---- RAW DATA
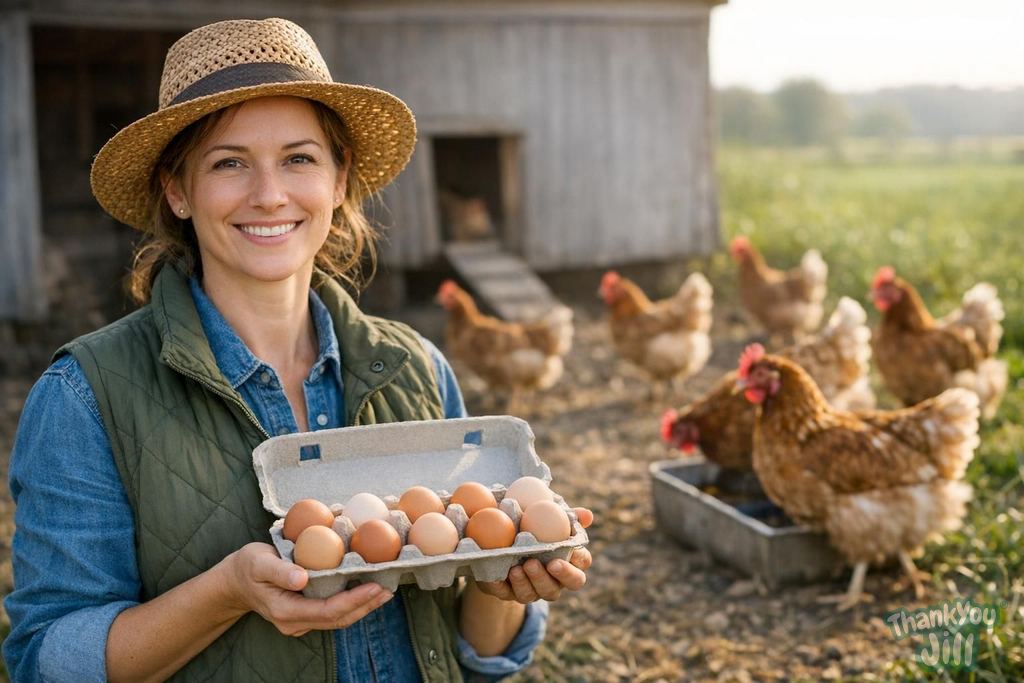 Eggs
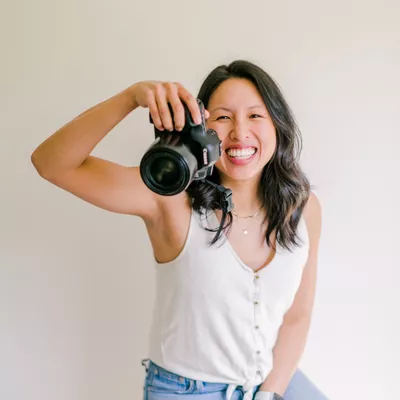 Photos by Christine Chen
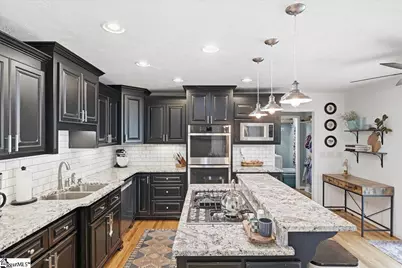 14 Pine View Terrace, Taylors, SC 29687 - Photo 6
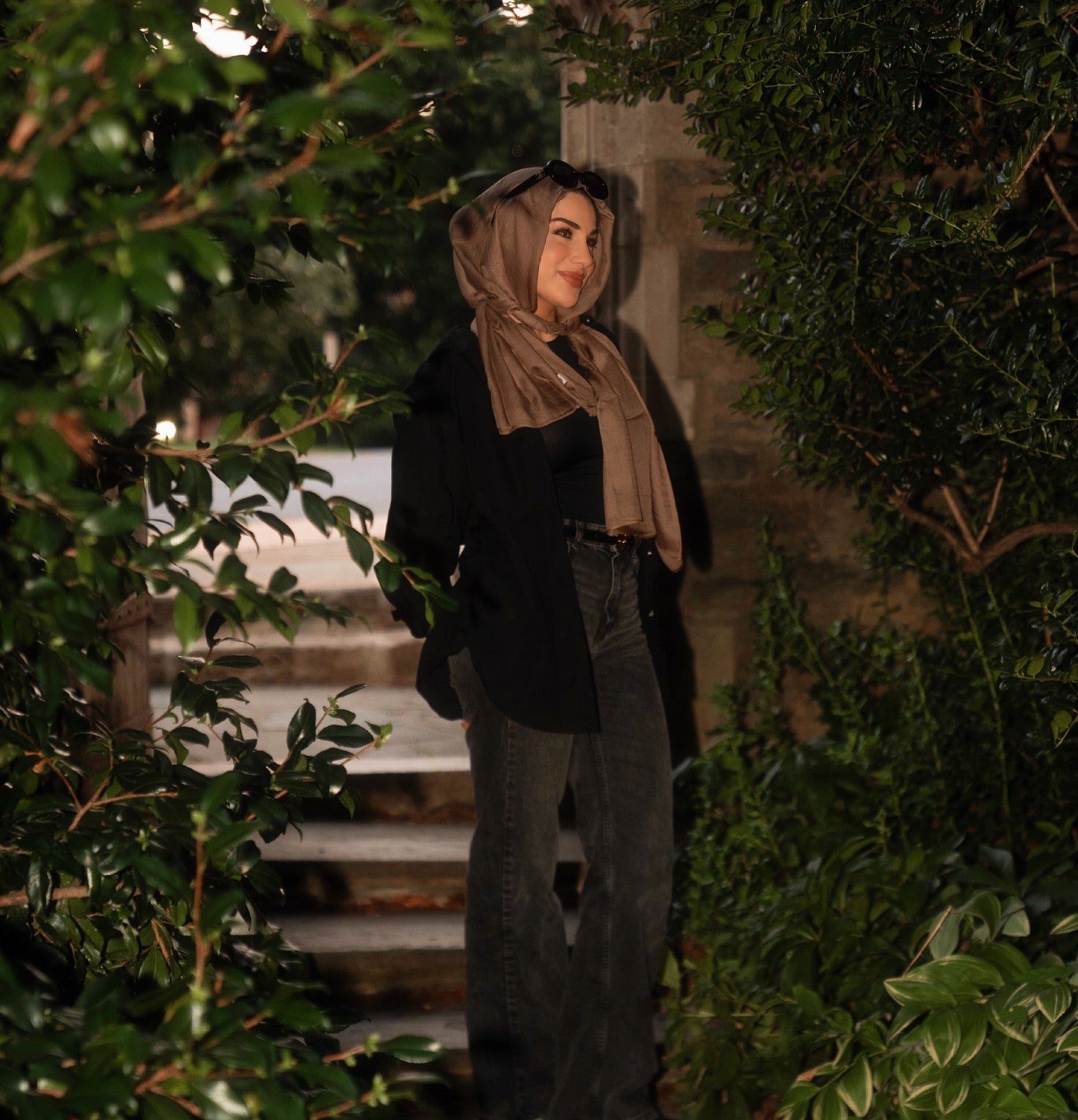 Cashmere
--------
---- RAW DATA
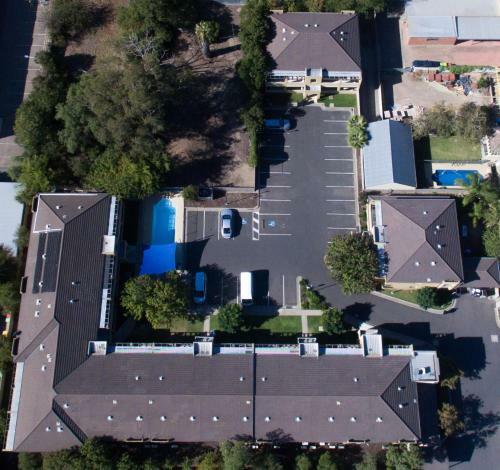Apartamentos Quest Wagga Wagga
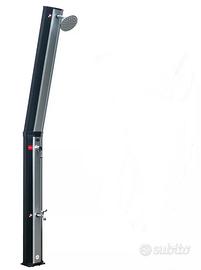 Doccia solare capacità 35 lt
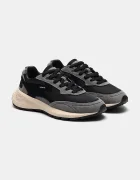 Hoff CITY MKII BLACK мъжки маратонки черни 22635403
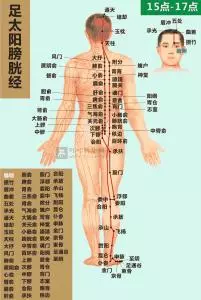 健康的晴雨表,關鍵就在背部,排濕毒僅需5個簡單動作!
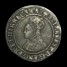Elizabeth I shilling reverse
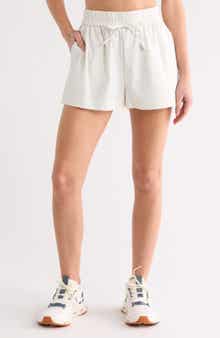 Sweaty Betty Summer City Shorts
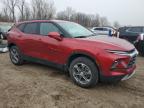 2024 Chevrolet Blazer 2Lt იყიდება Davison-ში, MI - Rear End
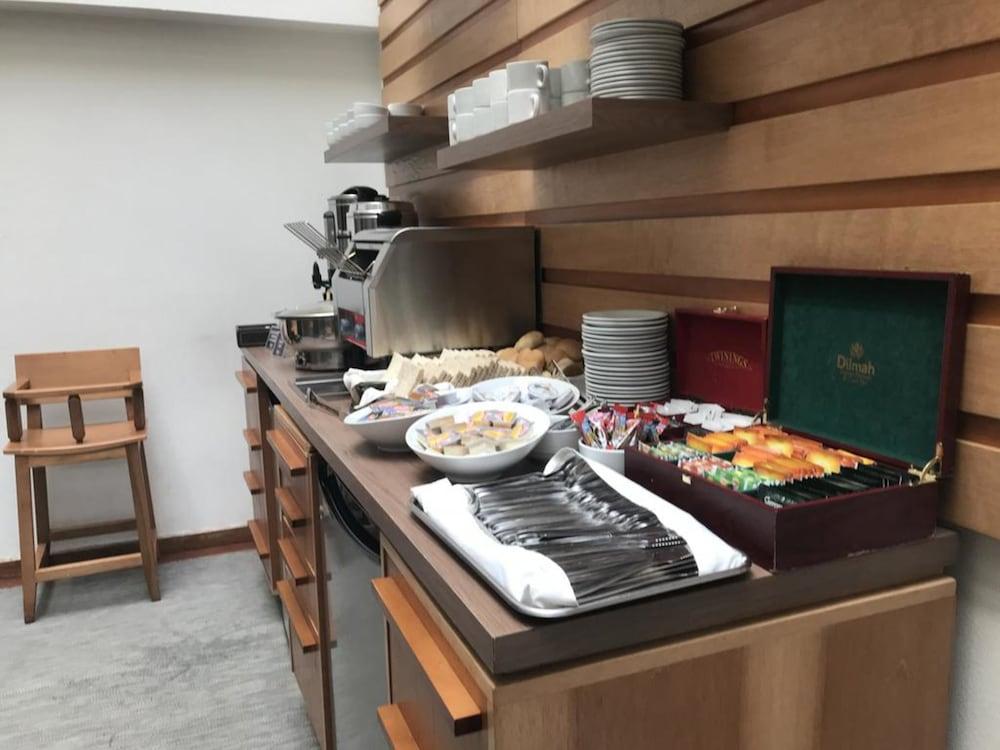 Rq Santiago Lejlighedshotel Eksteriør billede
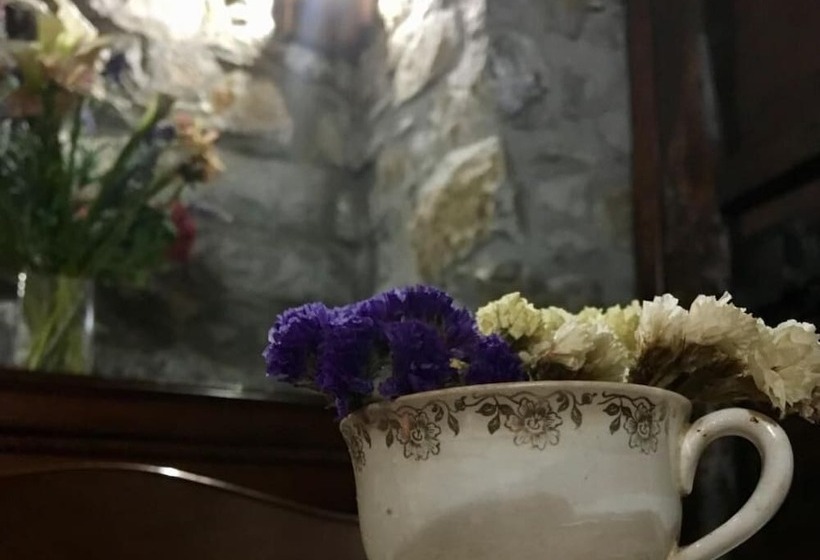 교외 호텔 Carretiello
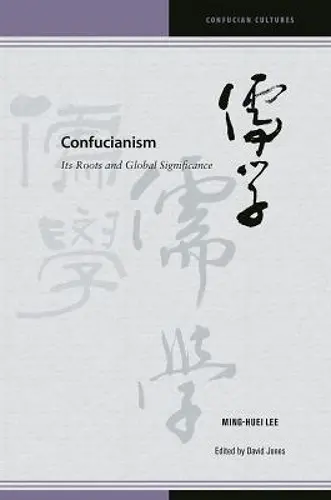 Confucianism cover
--------
● **DIRECTIONS FOR THIS TASK**
What are the lines above from the one with "Elizabeth I shilling reverse" to the one with "Confucianism cover", both included? Reproduce them exactly, without pictures.

● **SOLUTION TO THE PROBLEM**
Elizabeth I shilling reverse
 Sweaty Betty Summer City Shorts
 2024 Chevrolet Blazer 2Lt იყიდება Davison-ში, MI - Rear End
 Rq Santiago Lejlighedshotel Eksteriør billede
 교외 호텔 Carretiello
 Confucianism cover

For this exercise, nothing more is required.